The Plaintiff’s Position
[41] Mr. Connor states that he suffered from significant depression after he was terminated. Medical records confirm this. On September 25, 2012, the date of his suspension with pay, he made an inquiry of his long term disability insurer regarding how to make a claim. When he did seek medical treatment in 2013, he told the physician that he had felt depressed in 2011, prior to the termination. Mr. Connor states that he suffered a “mental breakdown” on September 21, 2012. He was diagnosed with a moderate to major depressive disorder one year after his suspension. He was not well during negotiations. He did not obtain legal advice. Therefore, the agreement and release should be set aside.
Analysis
[42] The emails between the parties show that Mr. Connor had ample opportunity to obtain independent legal advice. Scotia encouraged him to do this several times. He represented to Scotia that he had sought legal advice. Mr. Connor stated on his cross-examination that he had in fact sought legal advice.
[43] On one occasion, he sought legal advice because Scotia had reviewed his bank account to determine the extent of the payments that he had been making to his clients. He took exception to that. He stated that he did not receive legal advice from this particular lawyer about the negotiations. On another occasion, he consulted with a lawyer who was a family friend. On cross-examination, he guessed that he had sent the draft settlement agreement to this lawyer.

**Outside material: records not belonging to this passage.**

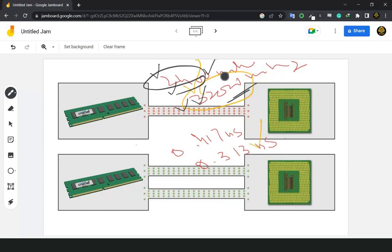I hope you liked this video and that it cleared your queries regarding dual channel RAM memory. Thank you for your interest and for viewing this video.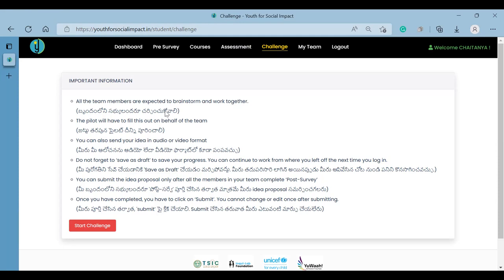You will have to submit an idea. Once you submit your idea, you can start the challenge.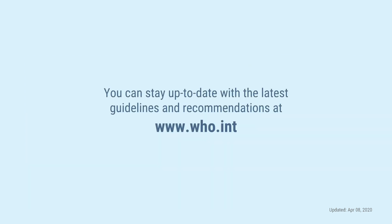And you can stay up to date with the latest guidelines and recommendations at www.who.int or your national health agency.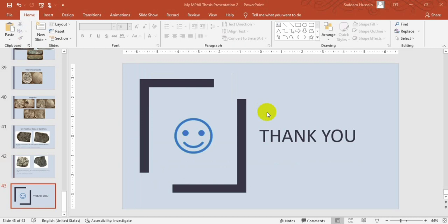Thank you very much for listening to this video. This is part of a lecture series started by Professor Dr. Mohammad Naim Kazi from the Department of Archaeology, University of Peshawar, Pakistan. I thank him for providing the opportunity to make a video on punch mark coins. These lectures are very useful for those learning coins or learning archaeology, especially for students of Pakistan and those interested in archaeology and ancient coins.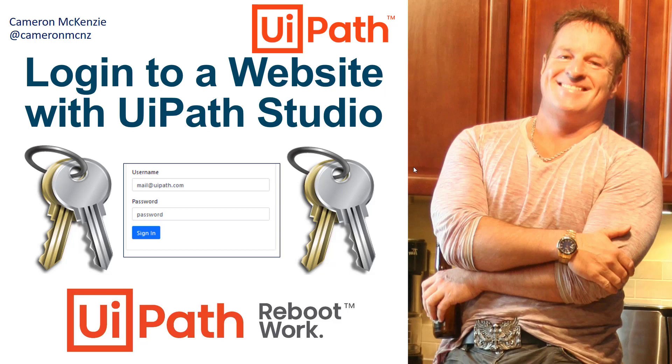Hey, Cameron Mackenzie here. I want to show you how you can quickly automate the login to a website with UiPath Studio.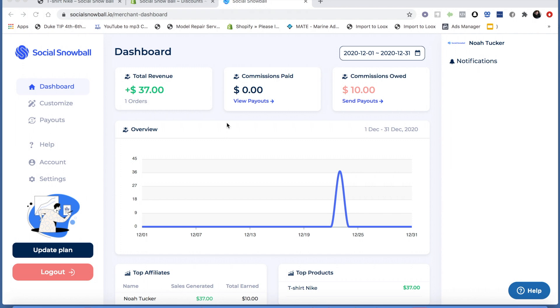In this video, I'm going to be going over how to get started with Social Snowball and how to set up your account correctly so that you can start your affiliate program right away.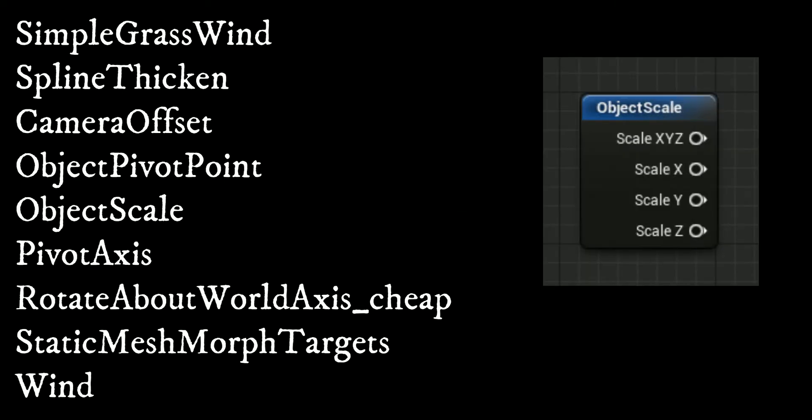The object scale function returns the object's XYZ scale together and separately. This is not compatible with the pixel shader.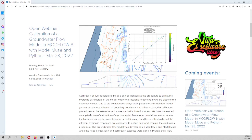Hello my friends of Hatari Labs, please have a good day. My name is Aurumontoya and this is the introductory video to the coming webinar in calibration of a groundwater flow model in Modflow 6 with Model Muse and Python.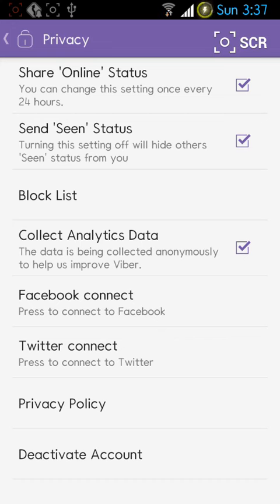This option will turn off or hide your seen status from others, so that every time someone sends you a message and you see that message, they will not be able to see the seen status from their device.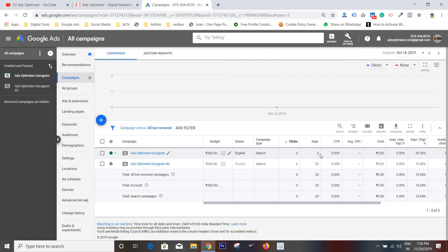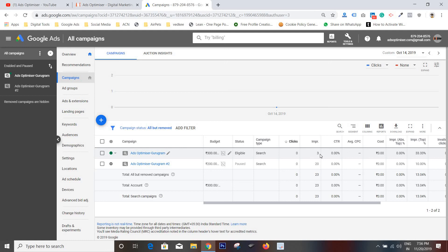So guys, if you have created a new campaign, don't worry at all. Just wait two to three days and if there are still no impressions and clicks, just make a call to Google support. Definitely they will help you and your campaign would have impressions and clicks.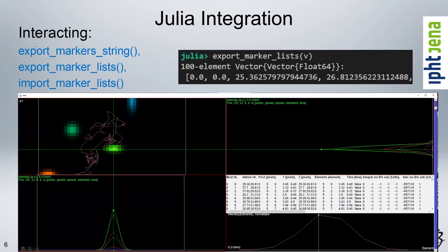Finally, how can you interact with the viewer? The viewer also supports markers and marker lists that you can use for tagging certain particles, but also for tracking. As you see in this example here, you can import and export such marker lists as a standard Julia type — a vector of vectors — something like this.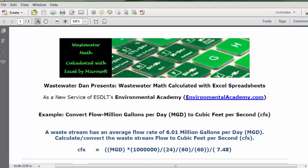We have a flow rate conversion problem, and we're starting with million gallons per day and we're going to end up with cubic feet per second. There are probably about five different conversion factors in this problem — it's a pretty long set of conversion factors if you put in the conversions at their simplest elements. So instead of trying to make sure all the calculations are correct, I'm just going to put each conversion factor in the formula and let Excel do this for me.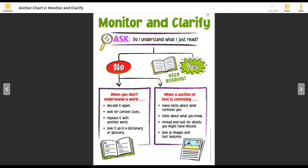I hope that this helps you in better knowing how to monitor your reading and clarify when you don't know either a word or understand a section of the text.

[44] Scotia encouraged Mr. Connor to seek legal advice. Scotia invited Mr. Connor to bring legal counsel, a friend or his wife to participate in one of the telephone calls to discuss settlement. He did speak with lawyers during the negotiations and led Scotia to believe that he was seeking legal advice. It is disingenuous for him to say that the settlement agreement should be set aside because he did not have legal representation.

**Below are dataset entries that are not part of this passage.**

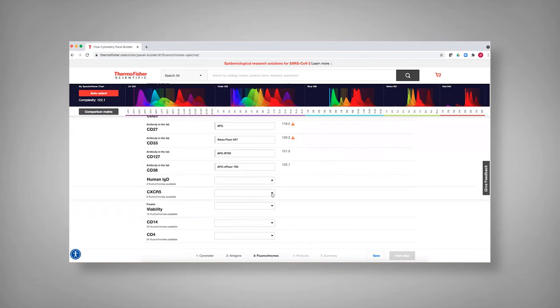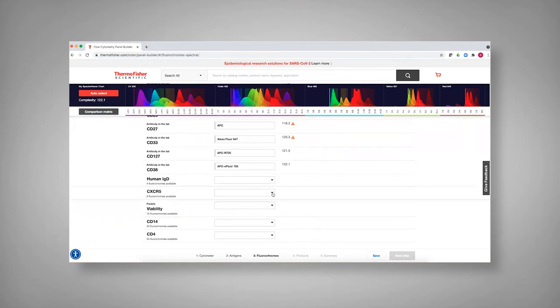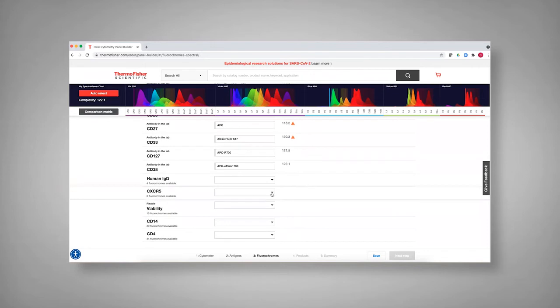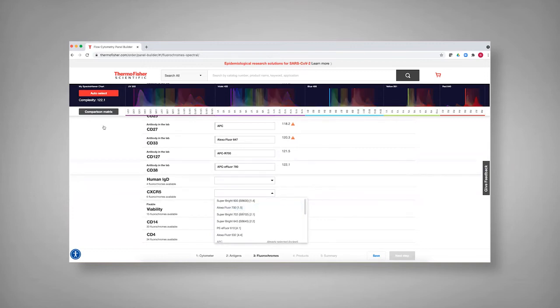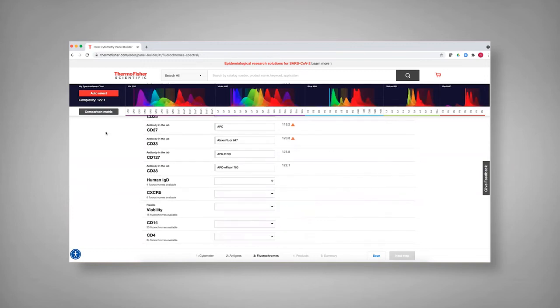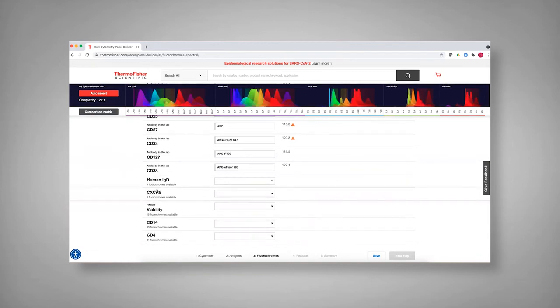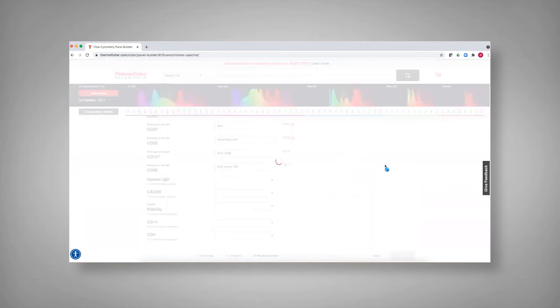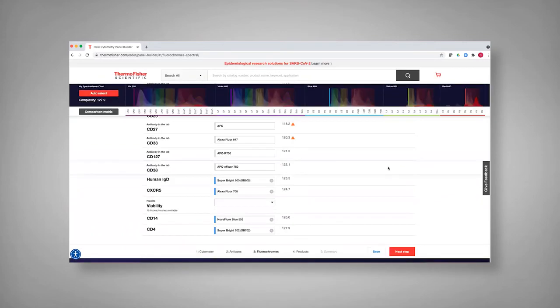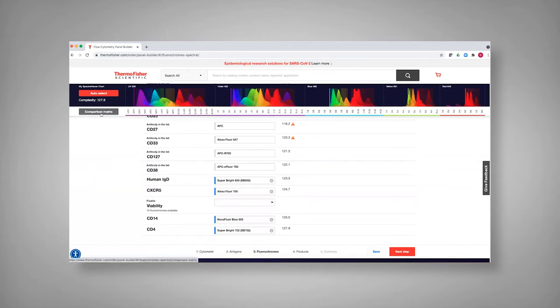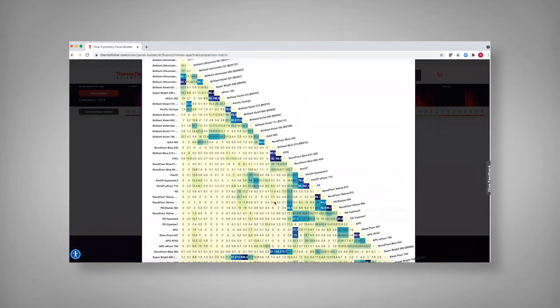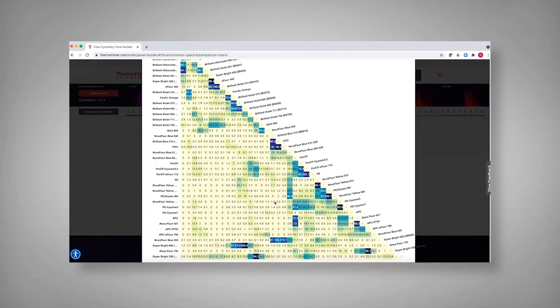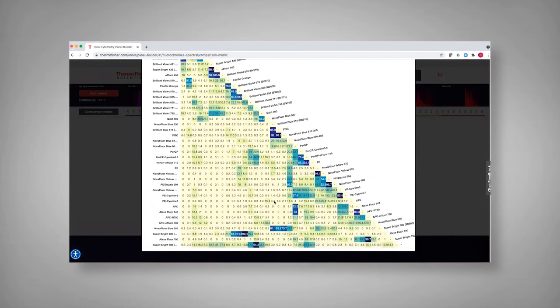In addition, then as you select these, you can see that some of these are going to be more bright dyes. For instance, Super Bright 600 is going to be bright versus Alexa floor 700, which is going to be a dimmer dye. And so if you just want to allow it to computationally assess what you should add, you can say auto select. And what you see now that's happening is it's actually going through and saying, of those available dyes, what adds the least complexity. Now, I would still suggest going back to the comparison matrix and really assessing places where these might be more similar than you'd really want to use.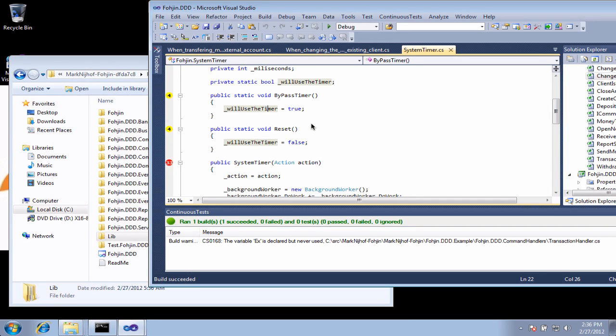Hello, this is Greg Young, and I'm here to go through another walkthrough of Mighty Moose with you.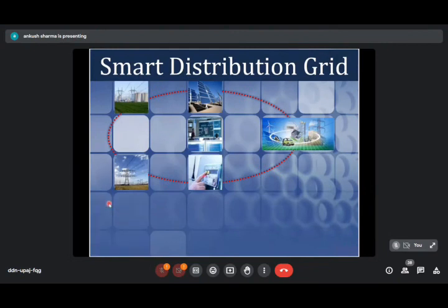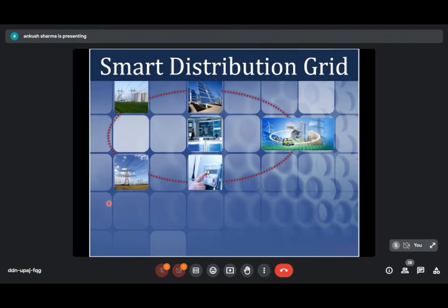Good evening to all of you. In today's session, we will discuss the basics of smart grid technology and how we will use that technology for smart distribution grid. We will also discuss renewable integration and its challenges. Finally, I'll give an overview of one case study — our Indo-U.S. project where we are deploying the smart distribution system with renewables and storage.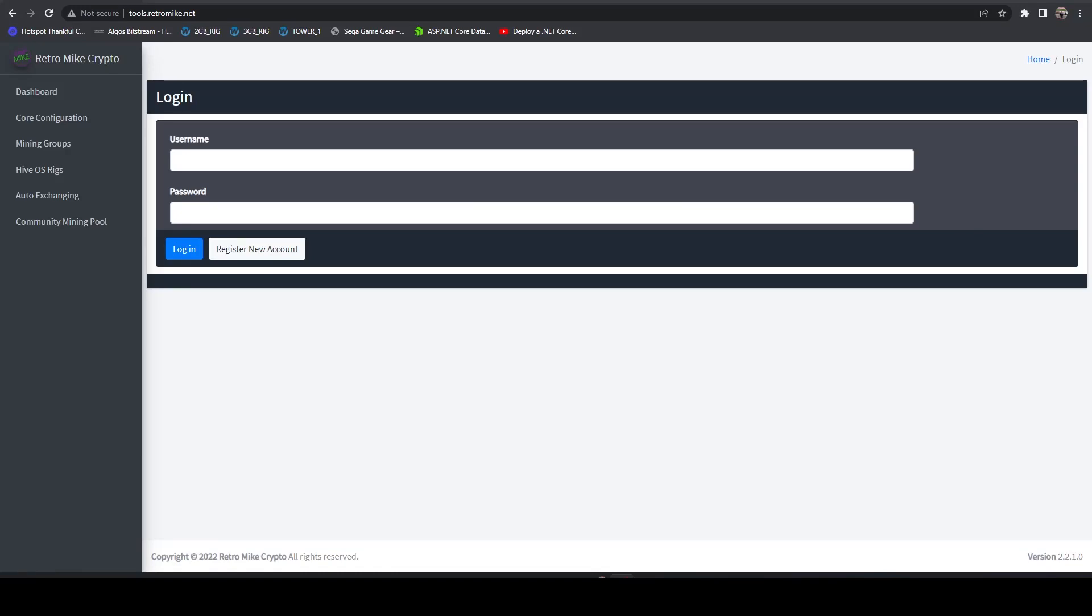In this video, let's talk about getting the RetroMic mining tools and profit switching working with your HiveOS instance without any installation necessary.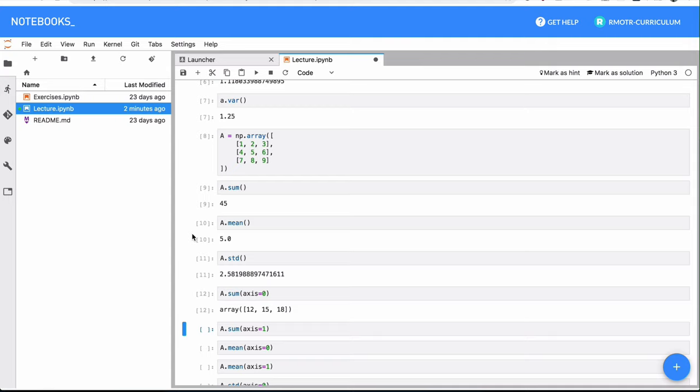So the result is that we're condensing these three rows, right, into just one, that is the result of summing all the elements per column.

[45] Regarding Mr. Connor’s mental state, no doubt he would have been upset about losing his job. On his cross-examination, Mr. Jenkins stated that Mr. Connor was calm, collected, rational and professional in their discussions. There was nothing about Mr. Connor to suggest that there was any problem. Mr. Connor raised certain tax issues and made a number of suggestions during negotiations with respect to the terms in the agreement. Scotia incorporated some of his suggestions into the agreement.
[46] The plaintiff states that he suffered a “mental breakdown” on September 21, 2012. The expression “mental breakdown” is vague. There is no medical evidence to suggest that Mr. Connor’s decision making process was impaired during negotiations. Mr. Connor did not seek any psychiatric treatment until 2013, a year after his suspension.
[47] The evidence shows that Mr. Connor was rational and able to make suggestions regarding tax implications, among other things, during negotiations. His emails have a professional tone. Their contents are logical. According to the medical evidence, he was diagnosed with a “moderate to severe major depressive disorder” a year later. There is no evidence that Mr. Connor was mentally compromised during negotiations and when he signed the settlement agreement and release. I find that there is no basis to set aside the settlement agreement and release on this ground.
Conclusion
[48] Mr. Connor signed a clear and unambiguous settlement agreement and release. He released Scotia from any claims regarding his employment and termination. The release covers the scope of the claim which he now makes in this civil action. There is no reason to conclude that the settlement agreement and release are unenforceable. Accordingly, Mr. Connor is precluded from bringing this action.
[49] The defendant’s motion is granted. The action is dismissed.
Costs
[50] The parties provided costs outlines. In submissions, counsel for the plaintiff stated that the plaintiff would expect to pay $47,000 to the defendant if he was unsuccessful. Counsel for the defendant stated that he would expect to receive $35,000 if the defendant was successful. Accordingly, the plaintiff shall pay $35,000 to the defendant for costs within 30 days.